New Prodigy user here with plenty of questions, but let's start with just one: is there a built-in mechanism for forwarding annotation tasks from one interface to another?
To exemplify, if one interface is used to annotate text spans, could the resulting spans be sent automatically to the next interface, which would involve classifying them?
Essentially, I'm asking if Prodigy supports building more complex annotation pipelines that allows the data to stream from one interface to another.
It's actually one of the most important design features of Prodigy to be able to add annotations in layers. We usually recommend that over combining different annotation types into a single interface, which results in more complex and thus error-prone annotation process.
As far as I can understand your use case, you'd have a group of annotators performing (to follow your example) span annotations and, then, another group adding textcat labels to the span-annotated text. And you want to paralelize the task as much as possible so that the textcat annotators don't have to wait until span annotators are done with the entire dataset or maybe the input data is streaming constantly.
In that case, you'd need to set up two Prodigy servers: one with the spancat recipe and another with the textcat recipe. The textcat recipe should contain a custom loader that would pull the data from the spancat output dataset.
One thing worth considering is that with this automatic forwarding you're not performing any quality checks on your span annotations and these usually can be done once a representative sample of annotations has been collected. This is, of course, only the case if the textcat annotations depend on the spancat annotations, which I assume they do, because otherwise you could just have these tasks in parallel and merge datasets afterwards.
So, one solution to consider would be to have an intermediate script that pools spancat annotations in batches, performs your custom quality checks and if it's good enoug, it makes the data available to the textcat recipe (e.g. by storing them in a dedicated dataset). The poor quality spancat annotations, on the other hand, should be subject to revision.
Do let me know though, if I misunderstood your use case and we'll take it from there.
Hi @magdaaniol, thank you for your informative reply!
I gave a very simple example, but we will naturally implement quality control mechanisms between the tasks as well.
I do have a follow-up question: if we were to build a complex annotation, essentially we would have to launch a Prodigy server for each annotation task.
How is this typically achieved? Perhaps using some batch script that launches the required number of Prodigy instances? And how is the data forwarding between annotation interfaces configured?
If you can point us towards any documentation or examples about this, I would be very grateful.
There's a fair amount of flexibility when it comes to the implementation of services including Prodigy. At its core, each Prodigy instance is just a web server. You can launch multiple instances by starting them on different ports and/or hosts. You can also add a reverse proxy to give them specific subdomains and add load balancing e.g. with nginx. The details will always depend on your infrastructure (on premise? serverless cloud solutions?). The minimal solution for what you're describing should be possible to implement via bash or python scripts or Docker containers, yes.
To start Prodigy server programatically, you might want to check the prodigy.serve function.

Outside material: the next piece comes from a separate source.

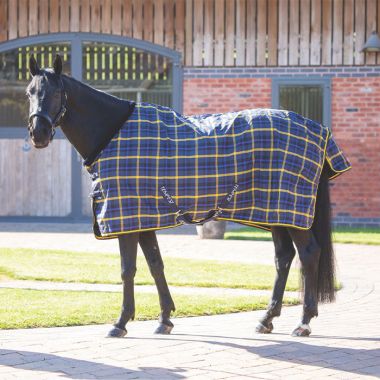 Shires Tempest Plus Lite Stable Rug – Navy Check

I also recommend checking out our deployment docs for some considerations related to remote deployments in multi-user scenarios.
There's not really a way to configure data forwarding between instances via Prodigy API. Since it is a very use-case specific procedure it would have to by a custom service around Prodigy data loaders and Prodigy DB API. This service could pull the data from the instance A and, after optionally applying some processing, it would store the data in an intermediate database or table where the loader of the instance B can find it:
This data bridge and the instance manager for spinning up/closing down instances (not shown in the image)would be your custom services.
This case study with Posh contains a very high level description of their deployment using additional FastAPI services for managing multiple Prodigy instances, but I think it can give you an idea of how flexible the solution can be and the range of options available.
The deployment patterns are usually fairly specific and I'm afraid I don't have any concrete example implementation handy, but we're happy to support you as you go!